The strategic team behind a proposed mixed-use development at Pearl Parkway and 30th Street in Boulder has tentatively dubbed the project “Rêve” — the French word for “dream.”
What they’ve dreamt up, in its present iteration, is a six-acre property that includes 242 housing units spread among four different structures, more than 100,000 square feet of office space, and 24,000 square feet split among restaurants, shops and office “flex” space. All would be united by open pedestrian and bicycle corridors.
At a meeting of the Boulder Planning Board on Thursday night, dedicated to a concept review and public comment on the proposal, developer Danica Powell spoke of the vibe her team hopes to foster at Rêve: four-story apartment buildings serving individuals and families alike. Offices filled with dynamic startup companies, whose employees venture outside to meet over coffee or work on their laptops. Children running through play spaces near a promenade that runs along an irrigation ditch, while their parents gab over glasses of wine purchased from pop-up kiosks and storefront cafes.

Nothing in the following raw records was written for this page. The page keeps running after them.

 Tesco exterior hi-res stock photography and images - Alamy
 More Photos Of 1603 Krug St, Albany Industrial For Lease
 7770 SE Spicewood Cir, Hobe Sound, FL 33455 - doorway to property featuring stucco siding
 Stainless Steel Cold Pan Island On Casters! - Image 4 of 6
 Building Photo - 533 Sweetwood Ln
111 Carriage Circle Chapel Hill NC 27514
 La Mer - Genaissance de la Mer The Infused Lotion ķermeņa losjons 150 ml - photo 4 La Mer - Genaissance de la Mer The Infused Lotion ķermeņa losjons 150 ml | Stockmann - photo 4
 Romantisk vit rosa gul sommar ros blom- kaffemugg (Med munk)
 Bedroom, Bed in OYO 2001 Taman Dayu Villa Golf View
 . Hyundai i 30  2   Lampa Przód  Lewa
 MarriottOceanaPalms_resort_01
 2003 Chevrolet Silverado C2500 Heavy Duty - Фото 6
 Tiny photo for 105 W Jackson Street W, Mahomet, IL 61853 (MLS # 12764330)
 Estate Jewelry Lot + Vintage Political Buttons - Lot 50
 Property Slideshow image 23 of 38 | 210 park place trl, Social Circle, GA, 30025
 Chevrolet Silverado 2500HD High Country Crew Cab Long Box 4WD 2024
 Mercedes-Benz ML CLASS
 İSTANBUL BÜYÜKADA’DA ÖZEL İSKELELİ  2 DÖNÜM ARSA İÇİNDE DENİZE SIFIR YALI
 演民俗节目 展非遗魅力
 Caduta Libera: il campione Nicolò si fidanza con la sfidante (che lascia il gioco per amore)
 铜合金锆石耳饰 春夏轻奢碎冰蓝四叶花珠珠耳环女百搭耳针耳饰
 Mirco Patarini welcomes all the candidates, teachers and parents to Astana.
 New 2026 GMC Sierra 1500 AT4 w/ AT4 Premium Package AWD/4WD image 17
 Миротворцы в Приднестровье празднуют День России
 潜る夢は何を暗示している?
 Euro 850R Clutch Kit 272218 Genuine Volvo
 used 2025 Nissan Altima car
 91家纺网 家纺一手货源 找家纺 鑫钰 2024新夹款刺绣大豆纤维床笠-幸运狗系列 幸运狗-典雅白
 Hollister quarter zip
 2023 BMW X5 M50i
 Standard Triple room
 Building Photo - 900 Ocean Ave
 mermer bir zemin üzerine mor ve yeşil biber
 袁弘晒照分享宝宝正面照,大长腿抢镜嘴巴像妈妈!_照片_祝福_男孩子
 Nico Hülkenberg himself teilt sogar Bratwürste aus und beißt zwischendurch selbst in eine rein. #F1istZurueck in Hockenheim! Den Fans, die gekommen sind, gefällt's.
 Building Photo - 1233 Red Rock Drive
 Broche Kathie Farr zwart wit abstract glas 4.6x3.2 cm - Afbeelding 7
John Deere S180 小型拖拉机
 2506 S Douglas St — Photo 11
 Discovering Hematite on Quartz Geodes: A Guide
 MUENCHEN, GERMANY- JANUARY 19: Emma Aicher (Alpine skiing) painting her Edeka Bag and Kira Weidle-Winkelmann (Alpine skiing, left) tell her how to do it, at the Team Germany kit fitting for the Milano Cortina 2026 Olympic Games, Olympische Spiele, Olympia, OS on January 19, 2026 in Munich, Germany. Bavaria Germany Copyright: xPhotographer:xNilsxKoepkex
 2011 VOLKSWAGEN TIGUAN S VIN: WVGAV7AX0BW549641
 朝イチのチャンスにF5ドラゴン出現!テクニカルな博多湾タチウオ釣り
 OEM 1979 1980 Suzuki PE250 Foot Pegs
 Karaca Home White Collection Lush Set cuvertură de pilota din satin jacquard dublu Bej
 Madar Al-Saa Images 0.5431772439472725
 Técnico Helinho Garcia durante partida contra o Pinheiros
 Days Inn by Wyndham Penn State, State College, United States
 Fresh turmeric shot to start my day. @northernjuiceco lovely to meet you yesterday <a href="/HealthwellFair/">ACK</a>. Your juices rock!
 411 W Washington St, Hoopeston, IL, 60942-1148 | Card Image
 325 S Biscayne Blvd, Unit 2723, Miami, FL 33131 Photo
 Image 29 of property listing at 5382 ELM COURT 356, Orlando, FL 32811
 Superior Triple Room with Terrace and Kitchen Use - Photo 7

It is a portrait of an evolving Boulder, complete with taller buildings, parking structures and more young renters and families. Certain projects of this ilk — namely the adjacent Boulder Junction, the TwoNineNorth apartments and the proposed Baseline Zero multi-use development, among others — have become a lightning rod for controversy.
During Thursday’s public input segment, though, only four people spoke.
In the recent past, many people have pleaded for the city to curb growth and preserve the Boulder that has effectively maintained the same population for 20 years. Many others have said that the city, which now accommodates about 60,000 in-commuters every day, can adapt to changing demographics without having to compromise its small-city charm.
The Planning Board, which first reviewed Rêve on June 5, and which took no formal action in any one direction at Thursday’s meeting, was generally supportive of the project and gave no indication that an ultimate approval is in any peril.
“When we talk about density and height and new projects,” chairman Aaron Brockett said Thursday, “I think what we need as a city to see in them is amenities that benefit the community and make them appealing and a positive change for the city as a whole. What you’ve put together, with the promenade along the ditch and the plaza and the cafes and the patios and the courtyards open to the public, I think that gets us to the kind of public experience that makes a big project like this a net benefit to the city.”
The board has also made clear, however, a distaste for any proposed development that appears to stray too far from the city’s identity. To that end, several members raised concerns Thursday that Rêve’s current proposal, in which all buildings range between 45 and 55 feet tall, would appear unnatural.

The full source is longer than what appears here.